The expected output is the full set of entries, printed exactly, without pictures.

++++

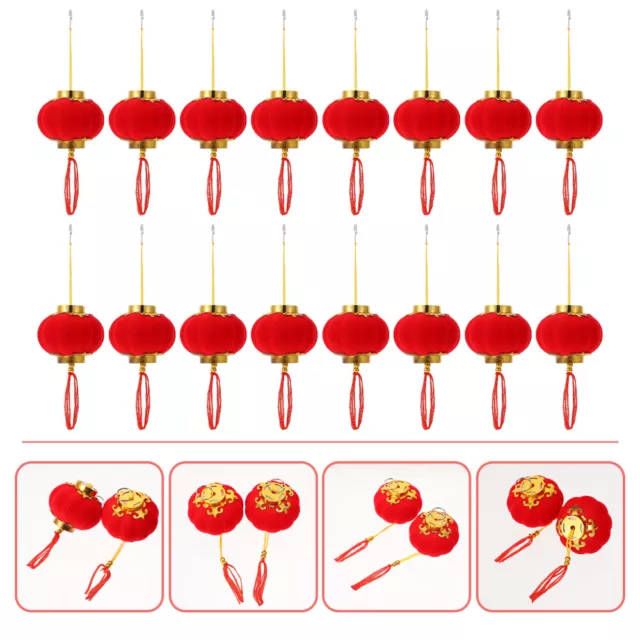 16 Pcs Red Flocking Cloth New Year Lantern Ornaments Chinese Lanterns Hanging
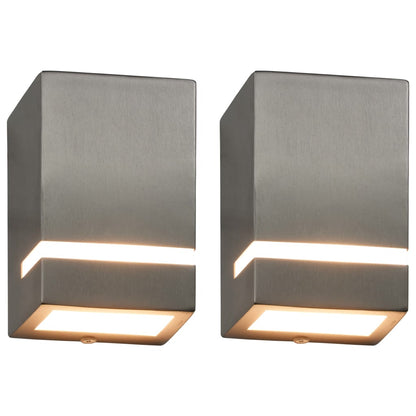 Berkfield Outdoor Wall Lights 2 pcs 35 W Silver Rectangular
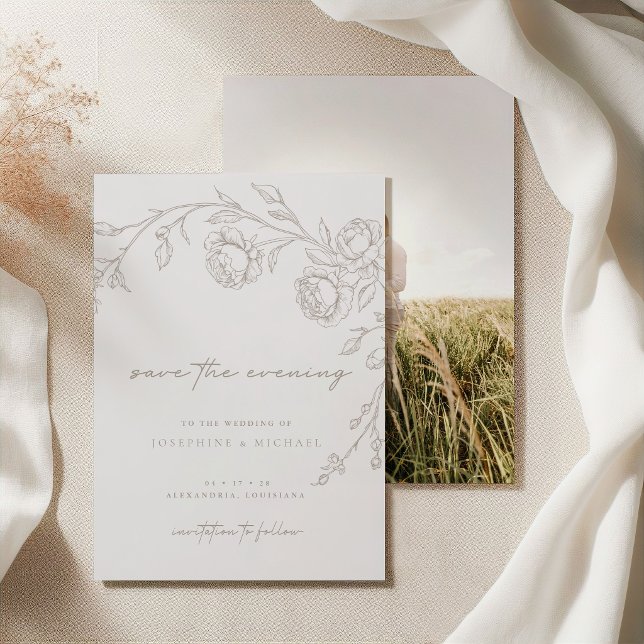 Elegant Vintage Sepia Save the Evening Wedding Date (Creator Uploaded)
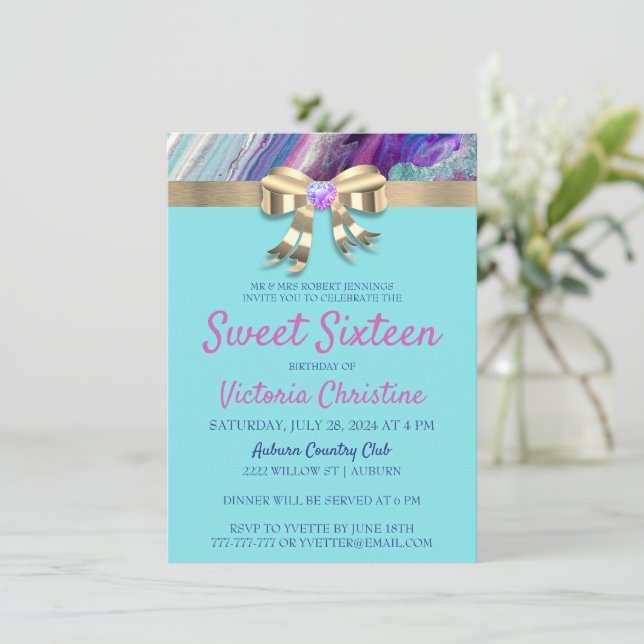 Chic Colours Birthday Invitation (Standing Front)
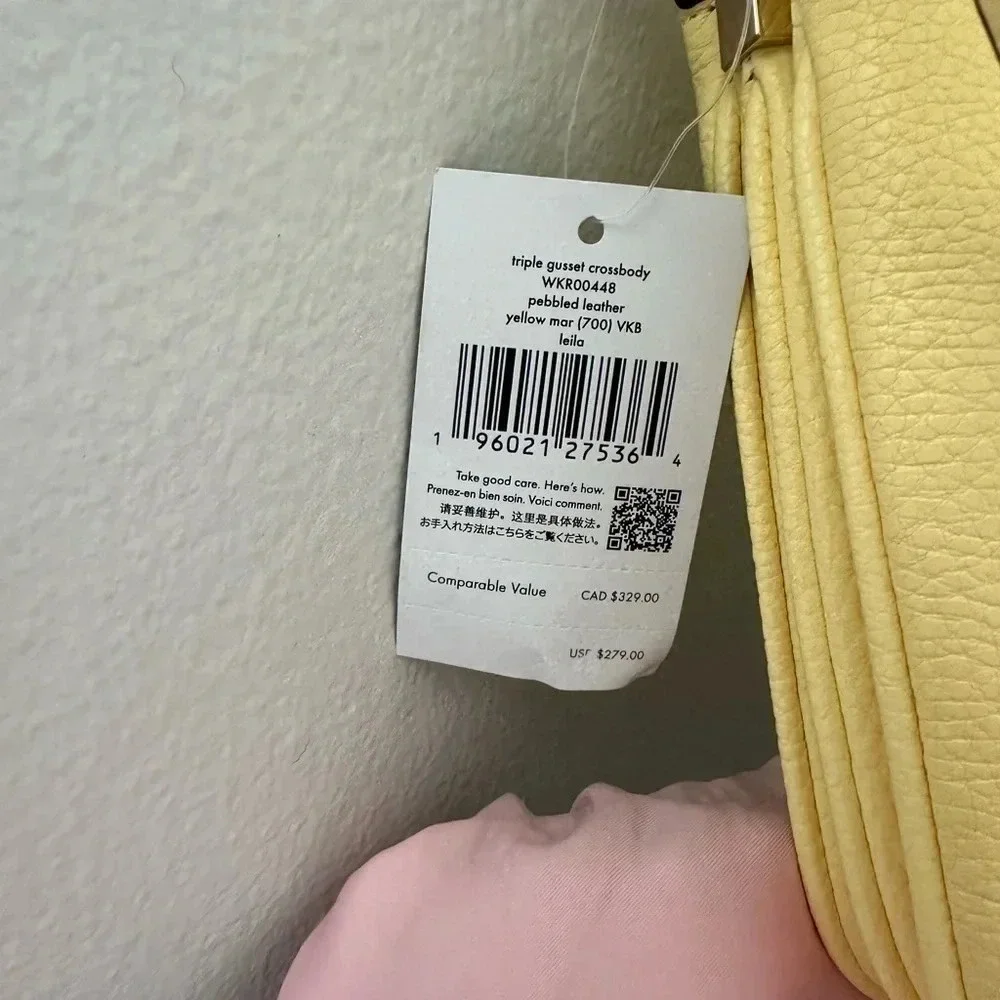 Kate Spade Leila Triple Gussett Crossbody - Yellow Margarita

++++

*Result:*
 16 Pcs Red Flocking Cloth New Year Lantern Ornaments Chinese Lanterns Hanging
 Berkfield Outdoor Wall Lights 2 pcs 35 W Silver Rectangular
 Elegant Vintage Sepia Save the Evening Wedding Date (Creator Uploaded)
 Chic Colours Birthday Invitation (Standing Front)
 Kate Spade Leila Triple Gussett Crossbody - Yellow Margarita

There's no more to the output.